Mortgage life insurance is a financial tool that guarantees your mortgage is paid off if you were to pass away suddenly. For many of our clients, a home is the biggest purchase they ever make. If one spouse wasn’t there to contribute to the family income, there’s a good chance the second spouse couldn’t afford the mortgage payments on his or her own. Using life insurance to protect your mortgage is ideal for:
- Young families
- New homeowners
Instead of protecting the lender’s investment, this type of life insurance protects you. If you’re the family breadwinner, your passing could cause a big problem for your family. What would they do without your love and support? Would your spouse have to go back to work to make the house payment? In this situation, your policy’s death benefit will pay off the mortgage so your loved ones can keep the house. Plus, if you select a cash value policy, you can use the money your policy accumulates to pay off that mortgage early.
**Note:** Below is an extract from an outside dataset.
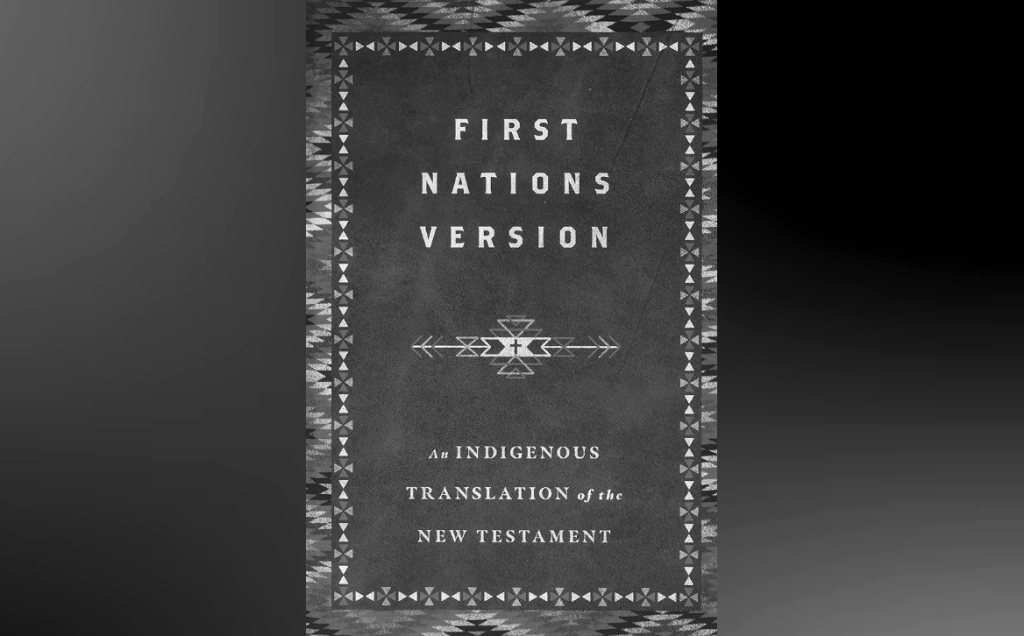Book Review: First Nations Version (FNV) New&nbsp;Testament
TIP: “Mortgage insurance” is not the same thing as “mortgage life insurance.” If your lender requires you to have mortgage insurance, this is something that protects their investment in the event that you can’t make your mortgage payments.
How does it work?
First, you choose a life insurance policy. There are two types to choose from: term (temporary coverage) or universal (permanent coverage). We’ll walk you through the benefits of each type below.
Term Life Insurance
With a term policy, you’re covered for the length of your policy term (10, 20, or 30 years). The idea is to choose a policy length that matches the term of your mortgage. If you pass away during that term, your spouse can use the income-tax free death benefit to pay off the mortgage.
The goal of selecting this policy is to allow your family to remain in their home after you die. It’s as simple as that.
Universal Life Insurance
With a universal policy, your spouse would still get an income-tax free death benefit to pay off the mortgage if anything happened to you. But there’s also a cash value account that accumulate funds over time. Once that cash value equals the amount remaining on your mortgage, you can use that money to pay off the mortgage entirely! This not only reduces your household’s expenses, but it also significantly decreases the amount of interest you pay on that mortgage over time.
The goal of selecting this policy is to allow your family to remain in their home after you die, as well as to pay off your mortgage as soon as possible and reduce the total amount of mortgage interest you pay.
How much does it cost?
That depends. The cost of a term life insurance policy is going to be the most affordable, but it isn’t going to give you the benefits of cash value. If you’re young and in good heath, a 30-year term policy could cost as little as $300 per year (that’s an actual quote result for a 30-year term, $300,000 policy for a 34-year-old man in California with good health and a non-smoker).
If that same individual were to buy a permanent policy, it could cost as little as $1,352 per year. However, we’d suggest paying more than that to help your cash value grow even faster. The faster it grows, the faster you can use it to pay off your mortgage early! In this case, your cash value account functions like a savings account, only with a better rate of return than a typical savings account.